Le point de vue du musicien Edu Bocandé

lundi 14 juillet 2008, par Edu Bocandé

Dans les années 70, partir étudier en France ou dans un autre pays européen était chose normale pour qui avait une bourse d’études ou des parents relativement aisés. Partir balayer les rues, lorsqu’on n’avait pas fait des études dignes de ce nom, était un acte de bravoure d’autant plus apprécié que les deux continents, l’Afrique et l’Europe, y trouvaient leur compte : tout le monde sait que le « Sarakolé », ethnie sénégalaise qui s’était spécialisée dans le nettoyage des rues et du métro parisien, entretenait une famille restée au village, et que « ce boulot là », aucun citoyen Français ne voulait le faire, dans un contexte économique relativement prospère.

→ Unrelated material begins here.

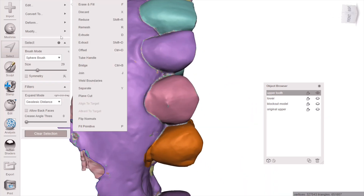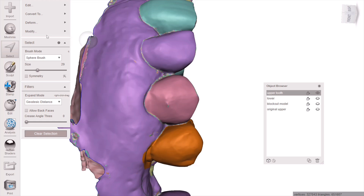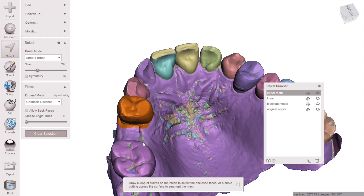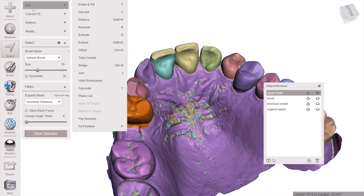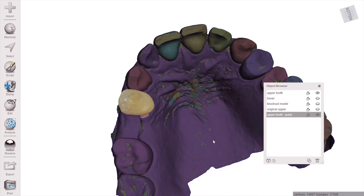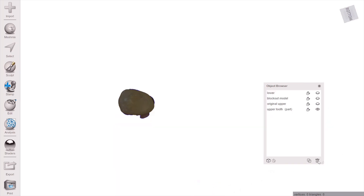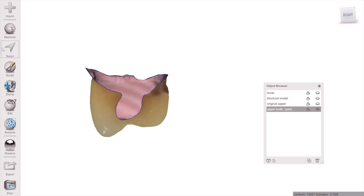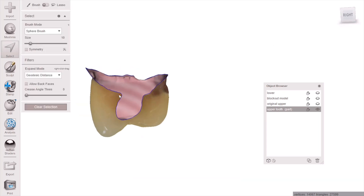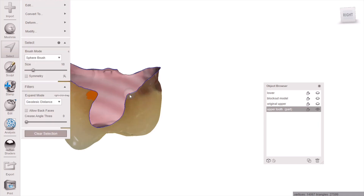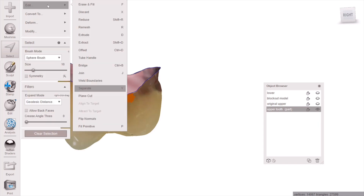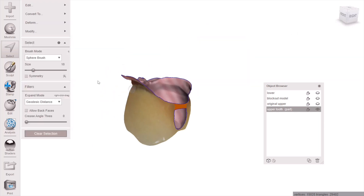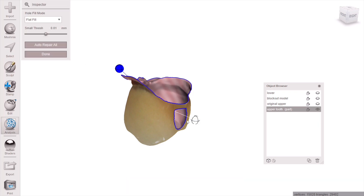If you have issues separating it out, go to Modify > Expand Border or Expand Group and you'll close some holes. Then hit B on your keyboard for smooth border, then hit Y on your keyboard — or Separate — to make it its own mesh. Now go ahead and close the little hole here by selecting just these corners and nothing else, and go to Edit > Bridge.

Reste la catégorie des gens qui partaient à l’aventure avec l’intention de faire de leur rêve une réalité.

A cette époque là, (1974-1976) Giscard était président et Chirac, premier ministre. Les aventuriers, dont je faisais partie du fait de mon statut de musicien « sans-papiers », (j’avais déserté la faculté, motif officiel de mon séjour en France), étaient sévèrement traqués dans le métro et dans les rues de Paris ; les policiers et les CRS repéraient de loin leurs cibles basanées ; il fallait user de ruse et mettre tous ses sens en éveil pour échapper aux pièges des fonctionnaires zélés de la sécurité publique. Je vous passe les détails de l’éclaireur « en règle » qui arpentait un couloir du métro ou une ruelle jugée un peu trop étroite pour avertir le ou les « sans papiers » de l’opportunité de pouvoir circuler normalement sans raser les lieux…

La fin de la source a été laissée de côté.